* [Task]:
The reply must contain exactly the lines below from the one with "Tummy Tuck Before & After" down to the one with "Common Types of Bumps Caused by STDs", both included, and nothing more; please omit the pictures.

* [Available data]:
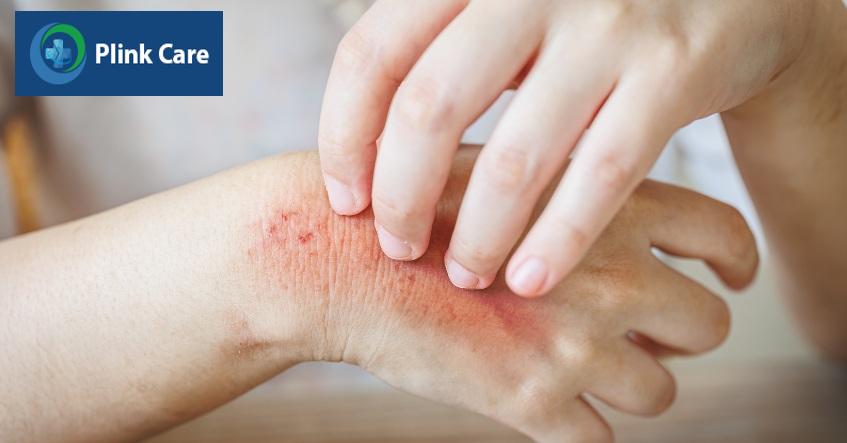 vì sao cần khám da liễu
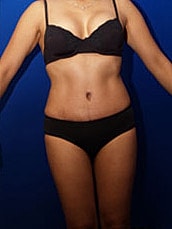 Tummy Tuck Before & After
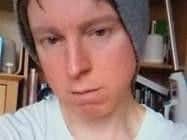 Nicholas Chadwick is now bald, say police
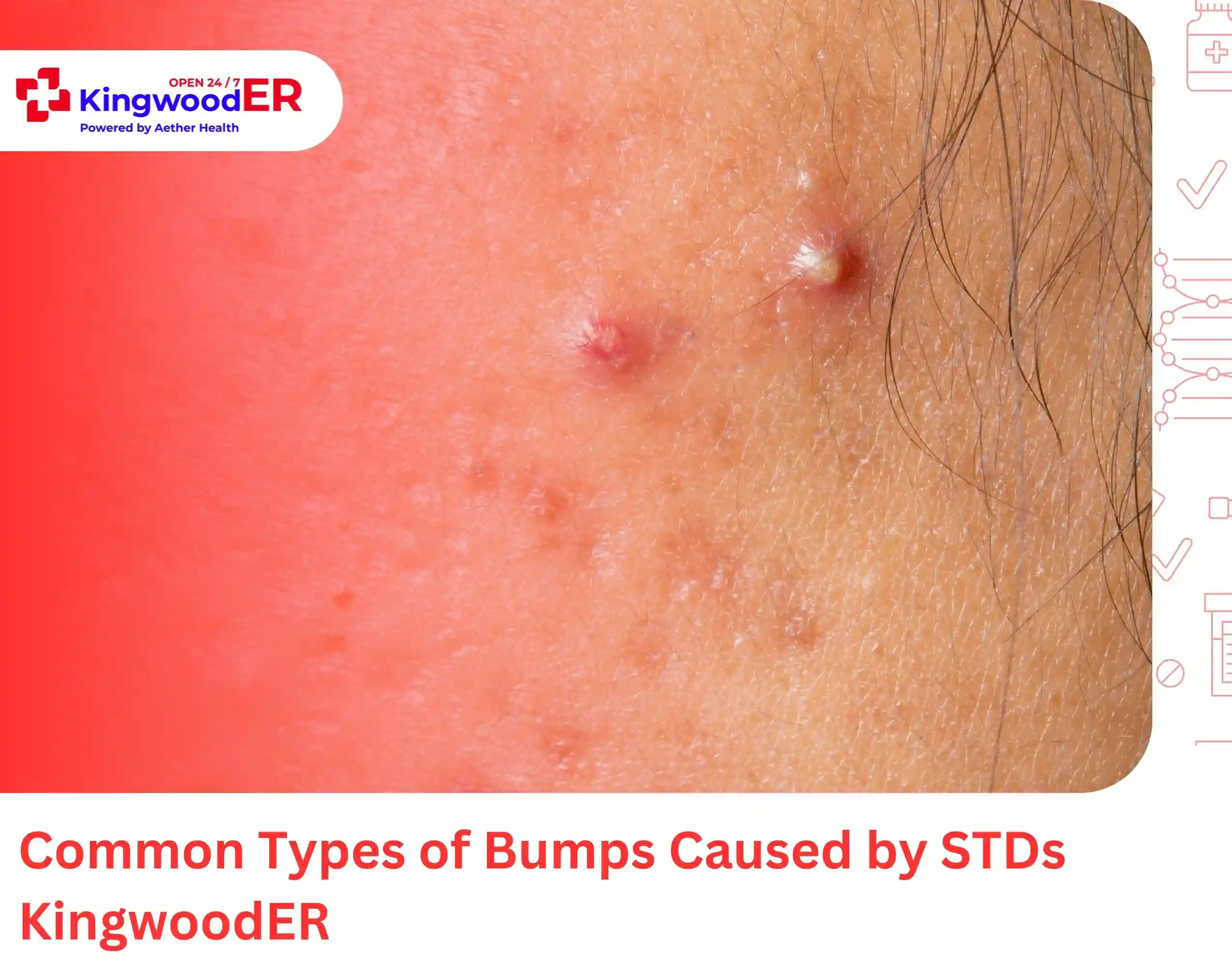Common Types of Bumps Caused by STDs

* * *

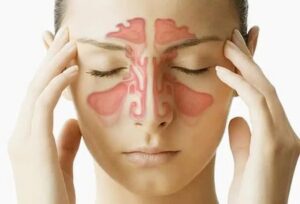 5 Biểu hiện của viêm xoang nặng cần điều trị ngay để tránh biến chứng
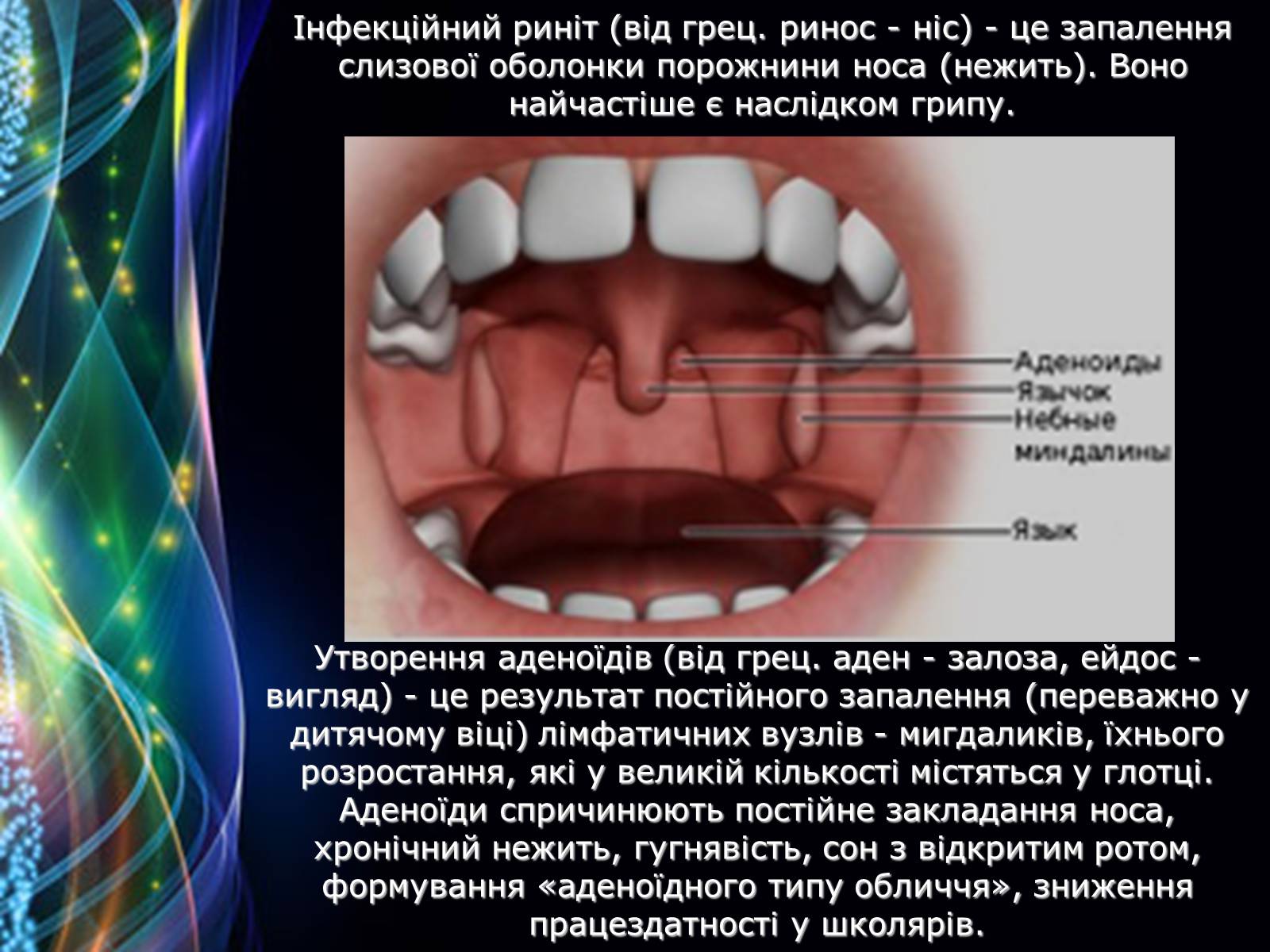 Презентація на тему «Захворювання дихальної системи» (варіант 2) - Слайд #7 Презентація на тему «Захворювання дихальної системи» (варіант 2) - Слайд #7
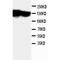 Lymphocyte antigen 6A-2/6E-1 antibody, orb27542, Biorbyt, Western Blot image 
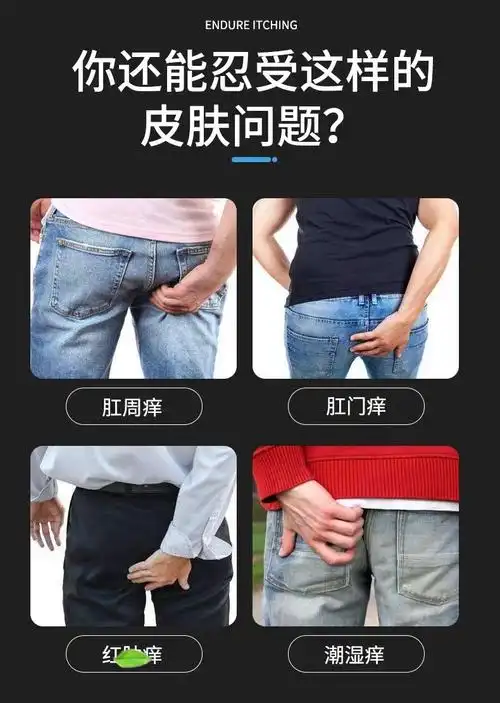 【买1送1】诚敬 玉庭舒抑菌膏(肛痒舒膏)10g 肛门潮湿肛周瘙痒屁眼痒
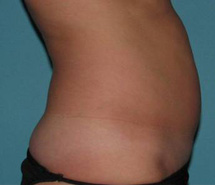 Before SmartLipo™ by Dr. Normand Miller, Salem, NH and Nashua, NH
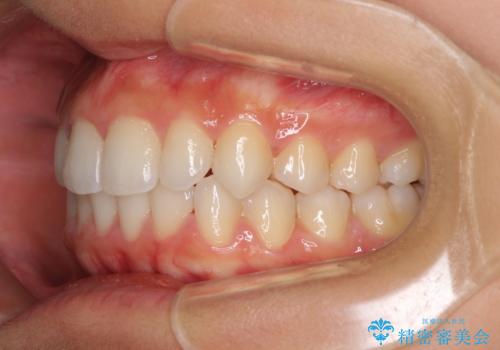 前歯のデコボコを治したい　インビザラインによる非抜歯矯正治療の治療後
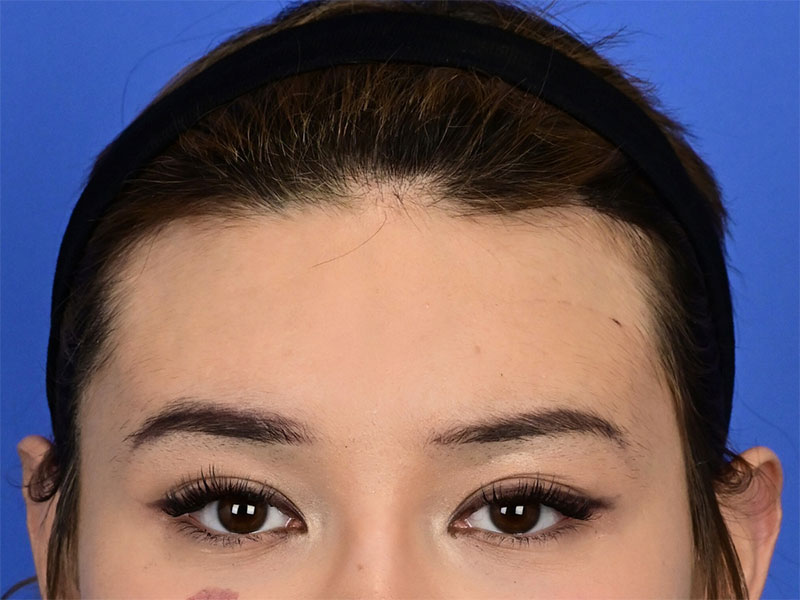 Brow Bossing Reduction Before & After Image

* [Solution for this task]:
 Tummy Tuck Before & After
 Nicholas Chadwick is now bald, say police
Common Types of Bumps Caused by STDs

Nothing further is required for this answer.